Jessup stressed this too: "It doesn't mean that we should stop beta blockers in patients who are already on them." Tomaselli concurred: "This study does not say you should stop beta blockers in those patients if they come into surgery on them. In fact, I would say that is absolutely the wrong thing to do."

Dose too high and titration omitted

Hochman said a number of issues still need to be addressed, including dosing and titration. The full fixed dose of metoprolol CR used in POISE is at the upper range of those used in previous trials, she said. She also stated that "perhaps a systolic pressure of a 100 mm Hg is too low for hypertensive patients, the elderly, and those with a critical carotid or coronary stenosis."

There are established national practice guidelines. Before we say they are wrong, this study really needs to provide more details.

Gibbons agrees. "I need to see more details. All the issues in my mind have not been addressed. There are established national practice guidelines. Before we say they are wrong, this study really needs to provide more details."

"It does not appear that there was a period of any titration of the dose, which the guidelines show is specifically called for because the serum levels of beta blockers at a given dose are very variable in a given population. And in elderly patients, we wouldn't start at this dose of 100 mg. The titration issue needs to be addressed; this is supported by the heart rates recorded," he continued.

Hypotension allowed to spiral

Gibbons also pointed out that "they only stopped beta blockers for a BP of less than 100 mm Hg—most of us would view that criteria as not strict enough in an elderly patient with [transient ischemic attack] TIA. I would argue that the threshold for stopping the drug should be higher; they are going to get in trouble."

More details about the deaths are also needed, he noted. "If the deaths are related to hypotension, because the drug was continued and then led to a stroke, that raises some questions about whether the guidelines need to be changed.
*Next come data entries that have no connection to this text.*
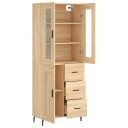  Highboard sonoma eik 69,5x34x180 cm konstruert tre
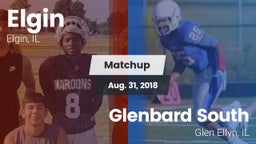 Matchup: Elgin  vs. Glenbard South  2018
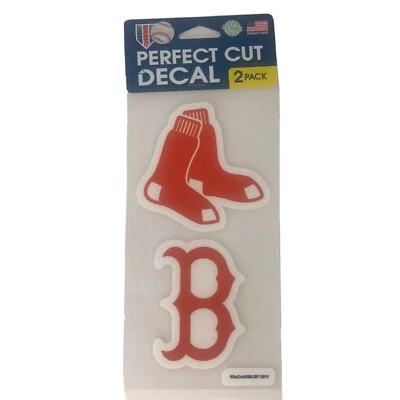 Boston Red Sox MLB Perfect Cut Decal (Set of 2) Wincraft, 4" x 4"  NEW - Image 1 of 2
Also, the mortality diverged after nine days, and this raises a whole bunch of separate issues in my mind. Is it really perioperative?"

More information and more studies needed

Jessup said, "We are going to have to look at the details of the study. There was no signal as to who benefited and who did not—if they couldn't really identify a profile, it's really difficult to know who to recommend beta blockers for anymore. We'll have to see how everybody else slices and dices the patient population."

Hochman concluded: "We await information as to whether we can accurately identify those at risk for hypotension and adverse events based on baseline characteristics and hemodynamic response to dosing. Further randomized trial data are needed. Is there a better beta-blocker dosing regimen? What about genetic polymorphisms? And are there other therapies to reduce perioperative risk, such as statins or antithrombotics?"